(Short text fragments from websites)
━━━━━━━━━━━━━━━━━━━━

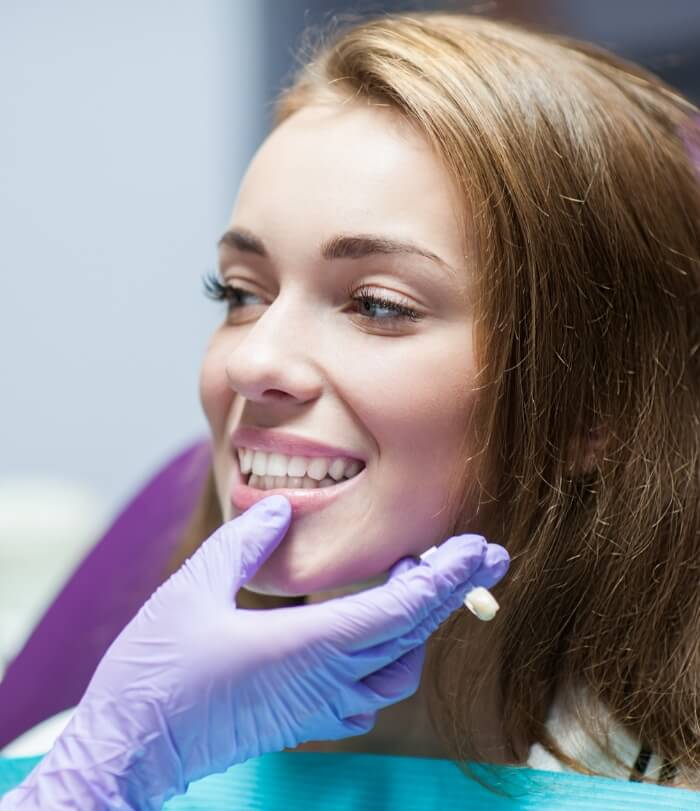 Dentist examining smile after dental crown and fixed bridge treatment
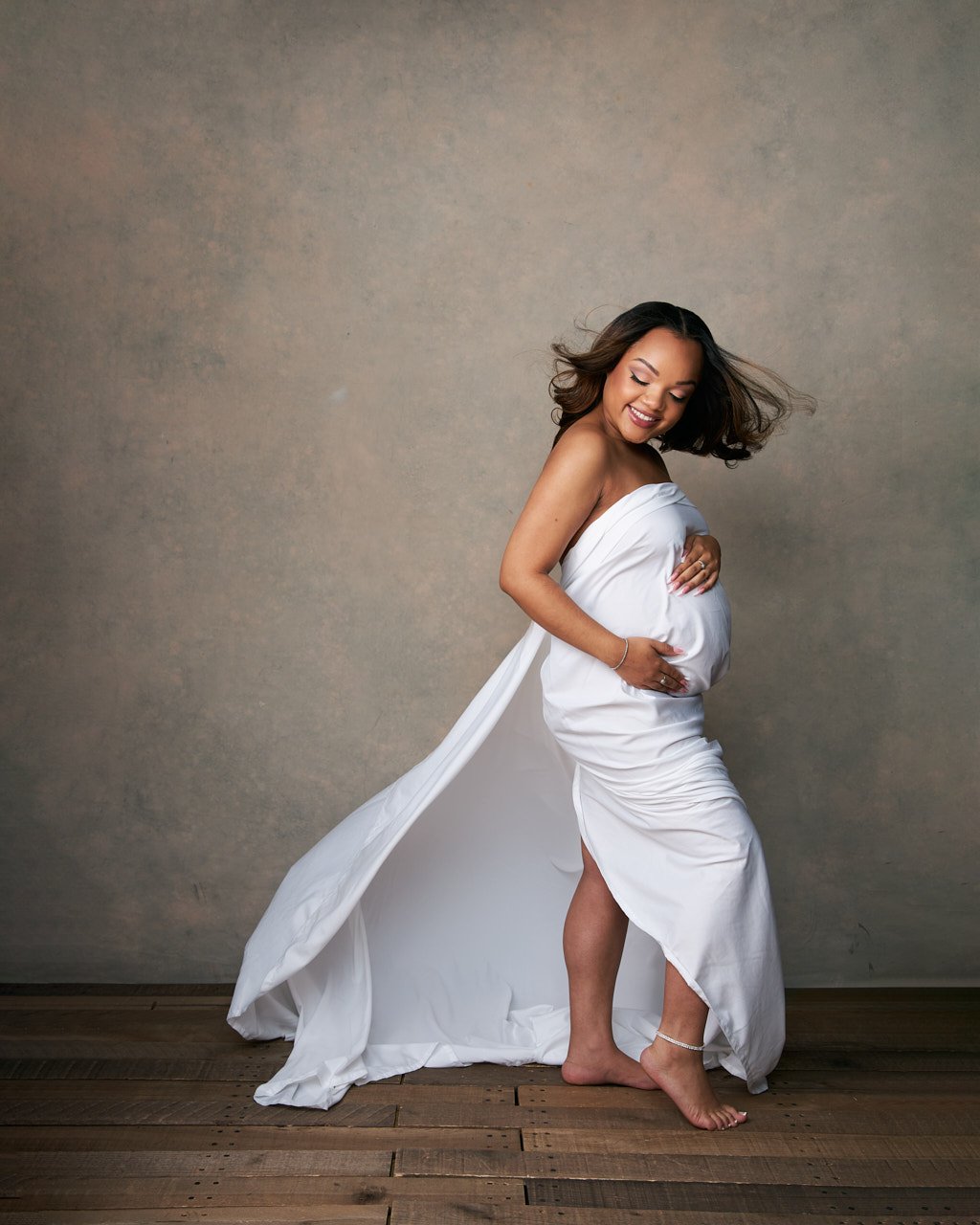 Pregnant woman of color in flowing white fabric maternity outfit. Maternity portrait photographer near Washington DC  Portraits by Jared Wolfe in Alexandria VA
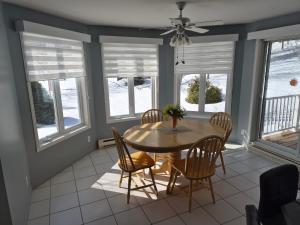 a dining room with a table and chairs and windows at Maison Albert in Petite-Vallée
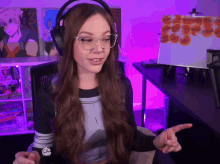 a woman wearing headphones and glasses is pointing at something in front of a sign that says cat shop on it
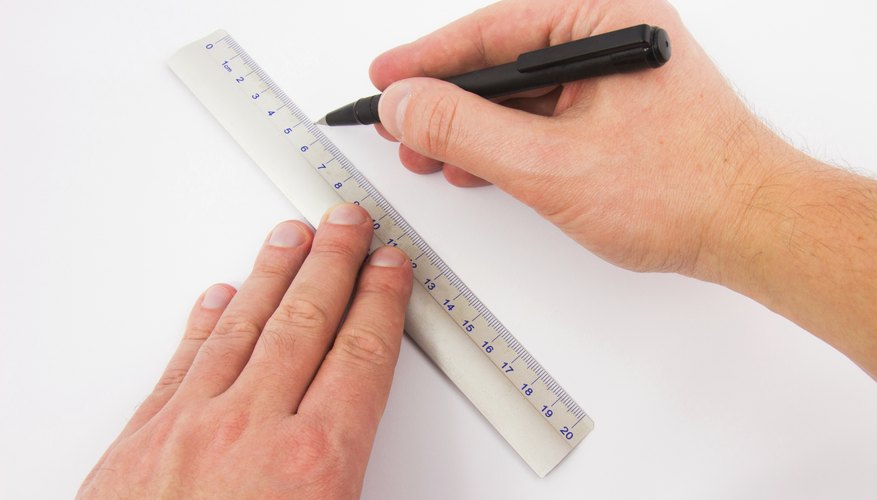 Male hands drawing line with a ruler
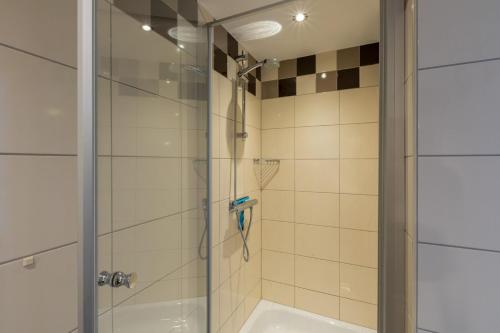 a shower with a glass door next to a tub at Vakantiewoning in centrum Zoutelande, bij het strand in Zoutelande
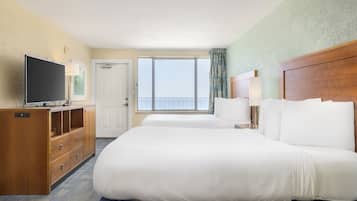 Habitación de hotel con dos camas, televisor, cómoda de madera, ventana con vista al mar y una puerta.
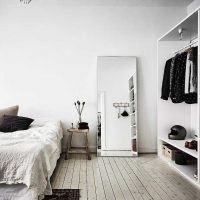 l'idea di un'elegante decorazione della foto in stile camera da letto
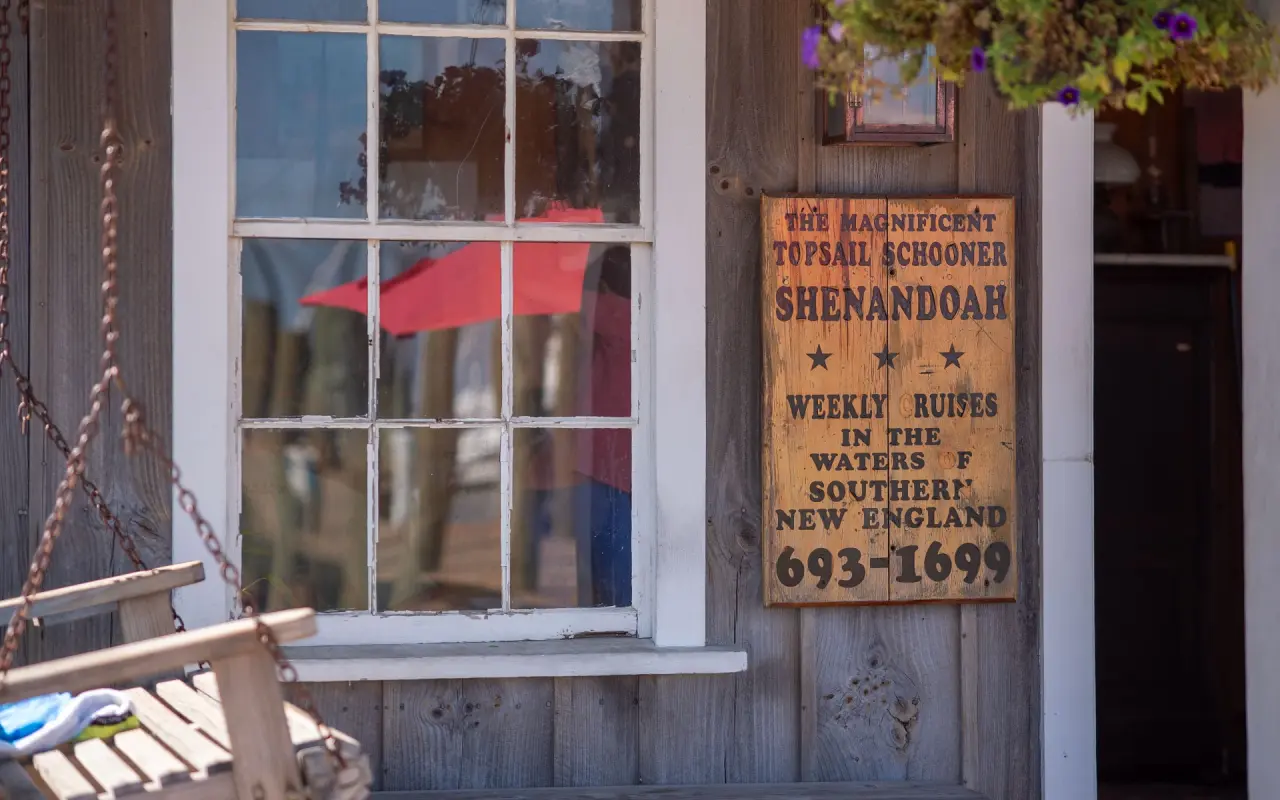 Weathered wooden sign for the topsail schooner Shenandoah beside a window and a porch swing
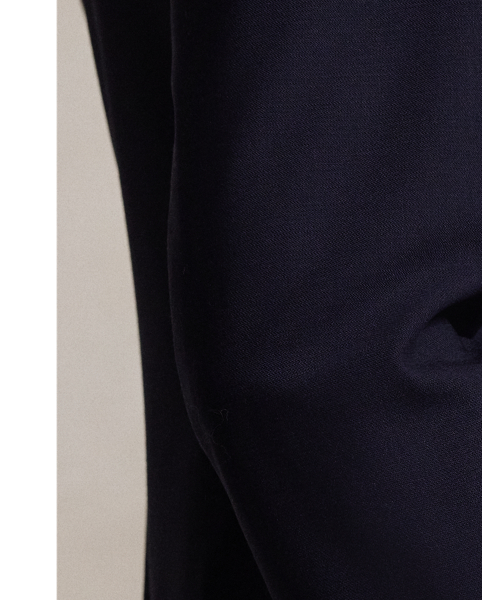 Tailored with Italian stretch wool faille, this blazer has a double-breasted silhouette with signature helmet-and-mallet-engraved metal buttons.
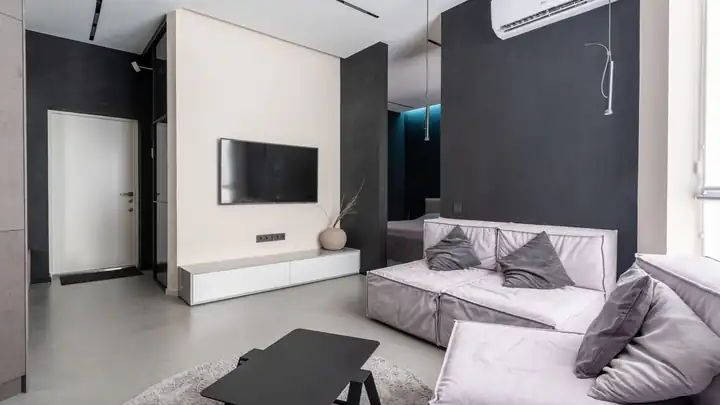 Unité intérieure de climatisation murale installée dans le salon d’un appartement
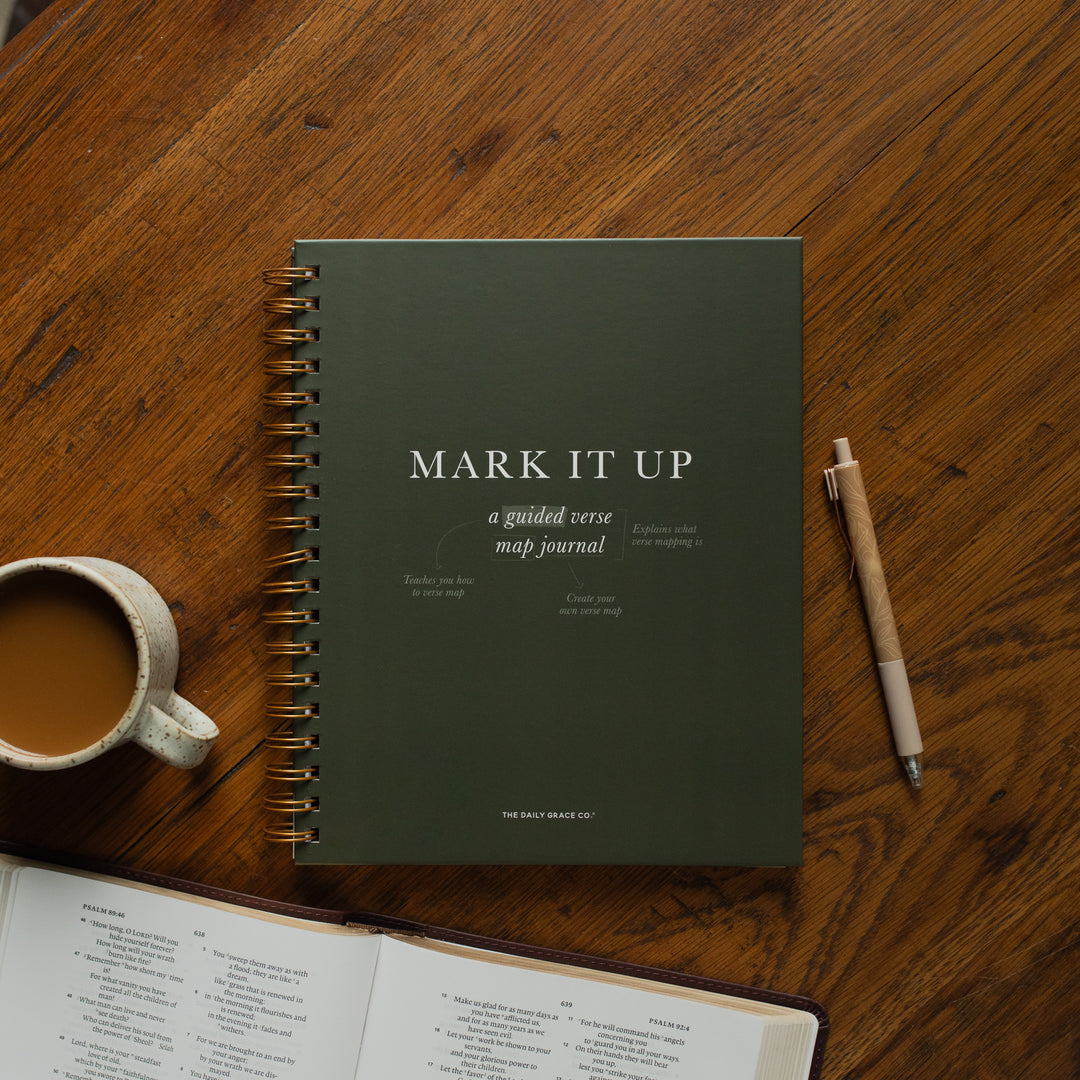 Mark It Up Journal cover next to a pen and a coffee cup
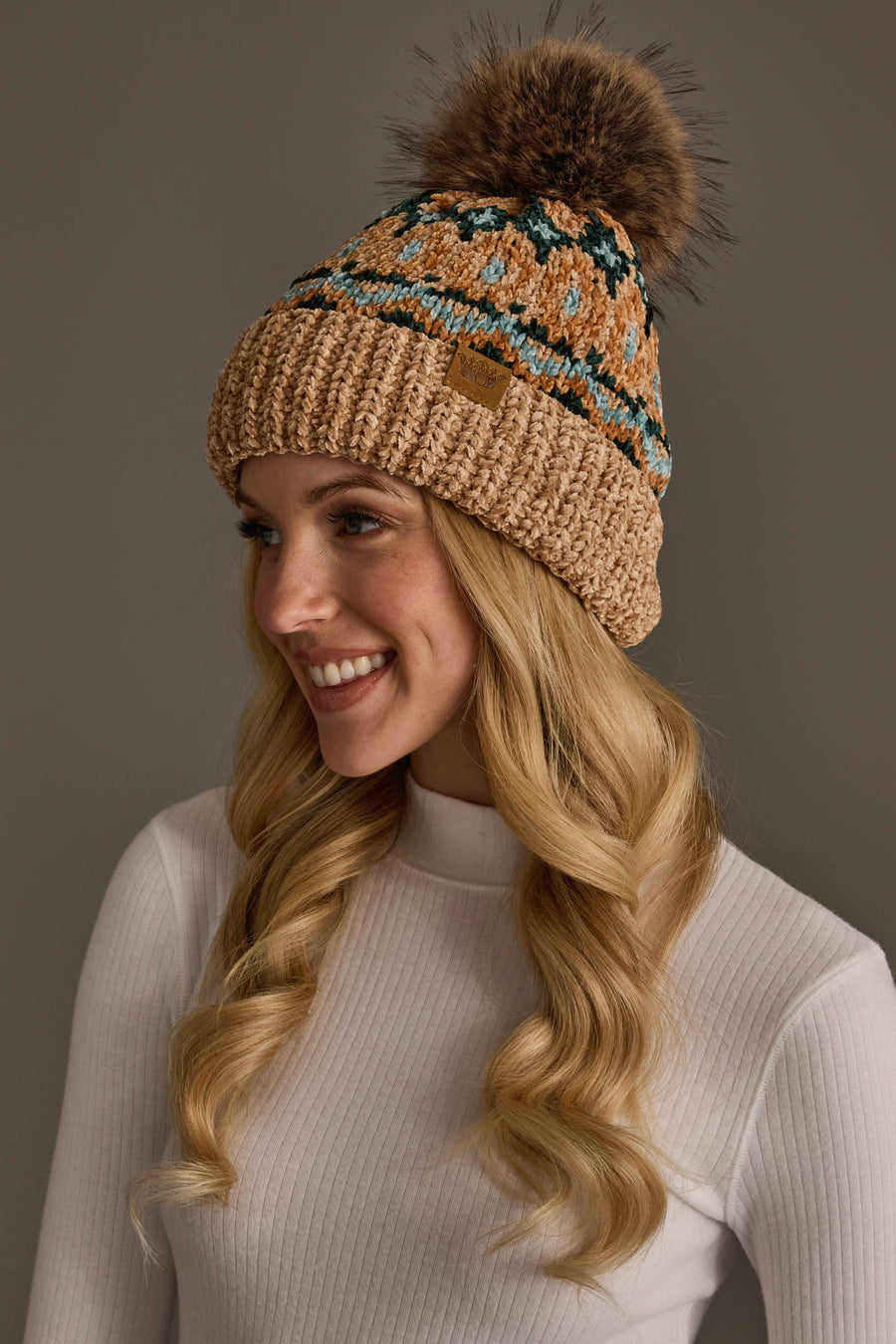 A woman with long blonde hair is smiling against a plain background while wearing the Panache Apparel Collection’s Tan & Multicolored Patterned Chenille Pom Hat and a white ribbed turtleneck sweater.
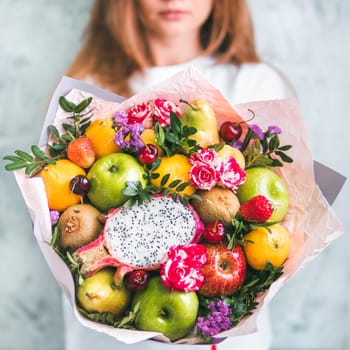 Fruit and berries bouquet. Eating bouquet in female hands. Apple, orange, strawberry, pear, kiwi, dragon fruit and flowers, eucalyptus. Shallow DOF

━━━━━━━━━━━━━━━━━━━━

**About this task:** What is needed is a word-for-word copy of the lines from the start of the data to the line with "Pregnant woman of", inclusive, with no pictures in it.

**Response to this task:**
 Dentist examining smile after dental crown and fixed bridge treatment
 Pregnant woman of color in flowing white fabric maternity outfit. Maternity portrait photographer near Washington DC  Portraits by Jared Wolfe in Alexandria VA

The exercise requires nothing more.